[Excerpted data]
------------

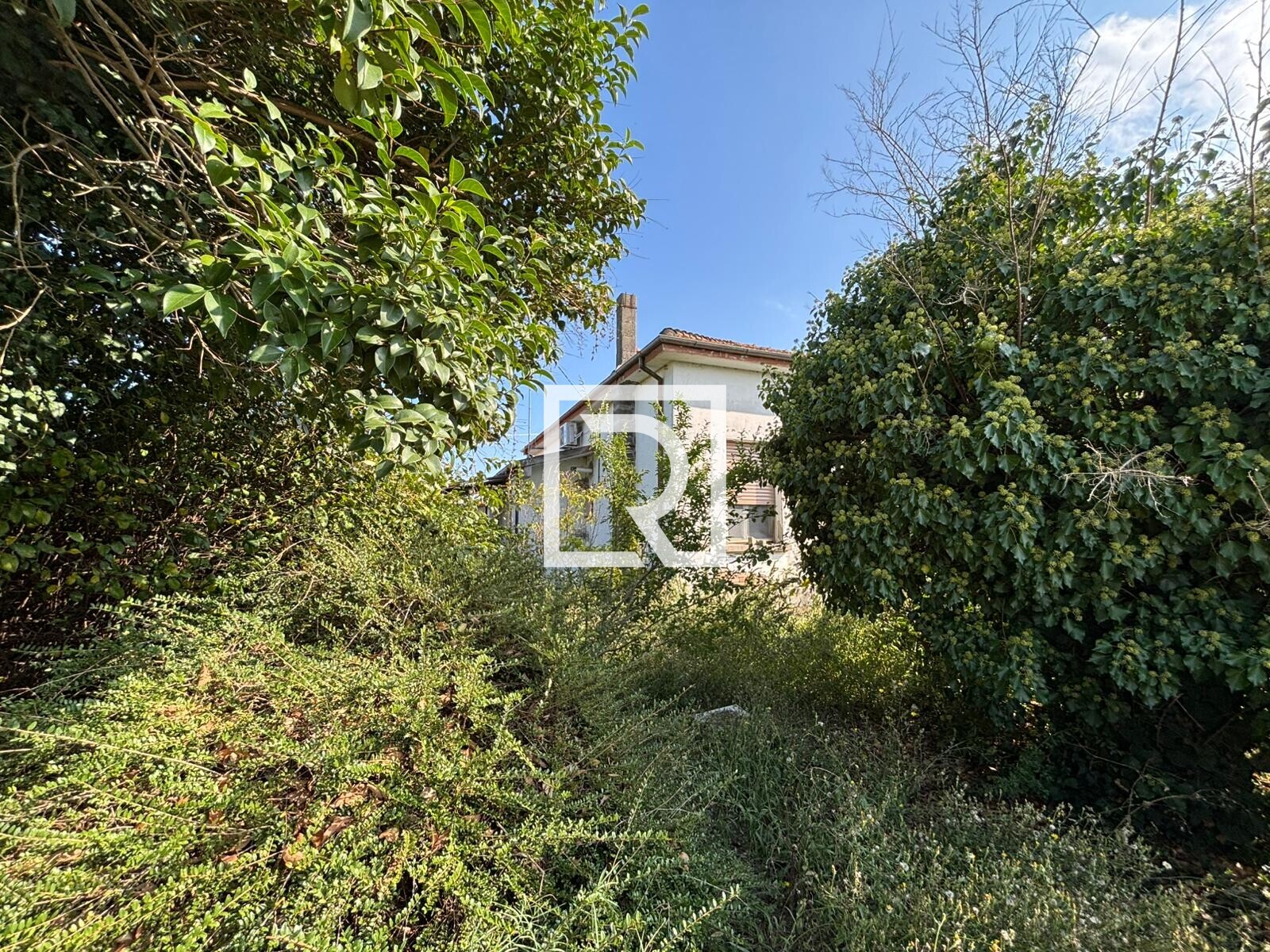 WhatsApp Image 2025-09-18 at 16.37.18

------------

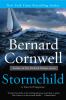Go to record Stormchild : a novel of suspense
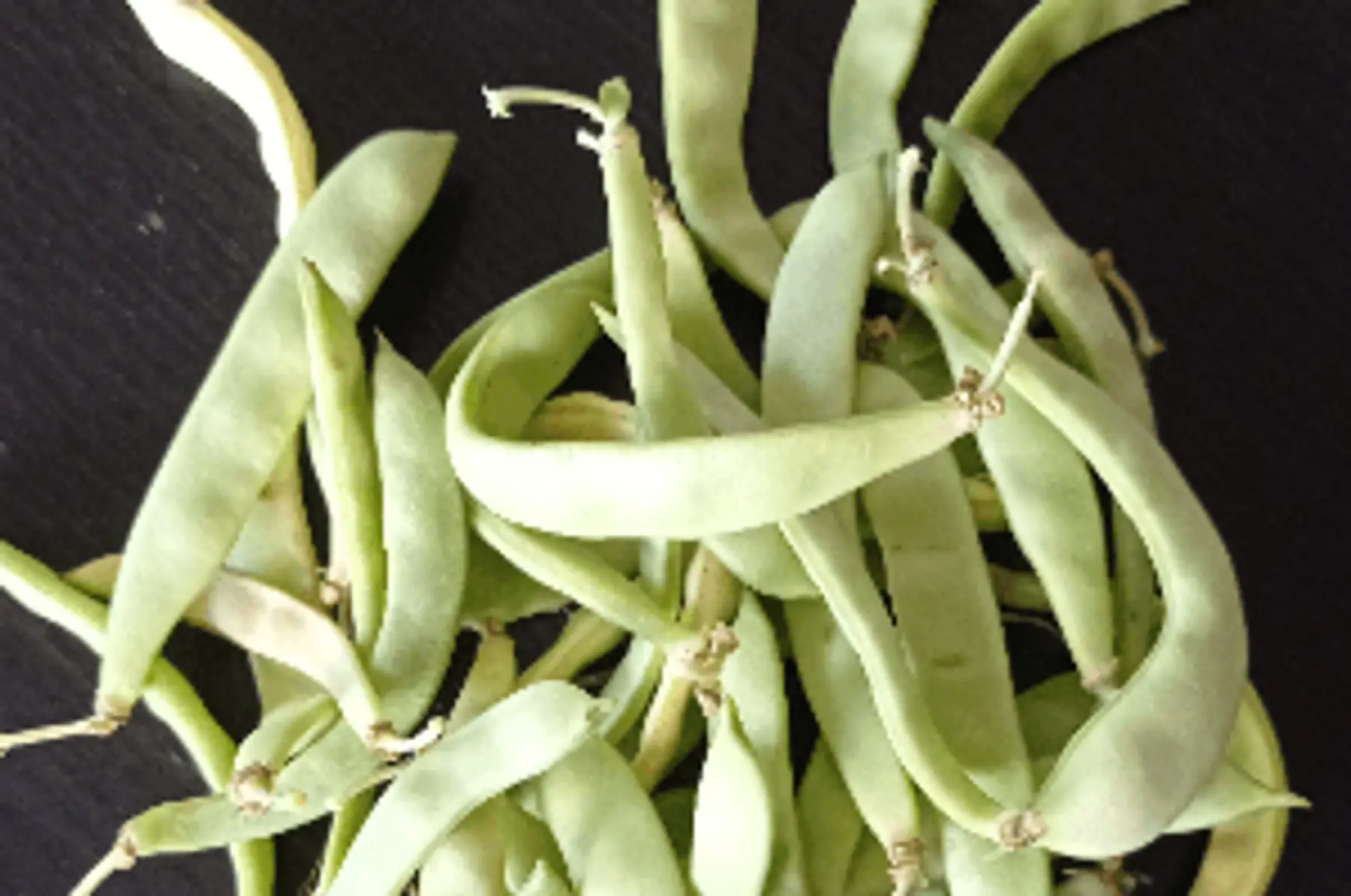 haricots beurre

------------

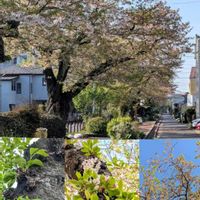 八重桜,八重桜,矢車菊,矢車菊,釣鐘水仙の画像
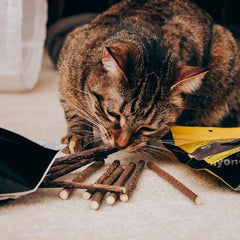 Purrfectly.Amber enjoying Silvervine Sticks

------------

[What the task asks]
Using the data above, output the line that has "Go to record Stormchild : a novel of suspense", the line that has "haricots beurre", and whatever lines fall between, each exactly as it stands and without pictures.

[Answer box]
Go to record Stormchild : a novel of suspense
 haricots beurre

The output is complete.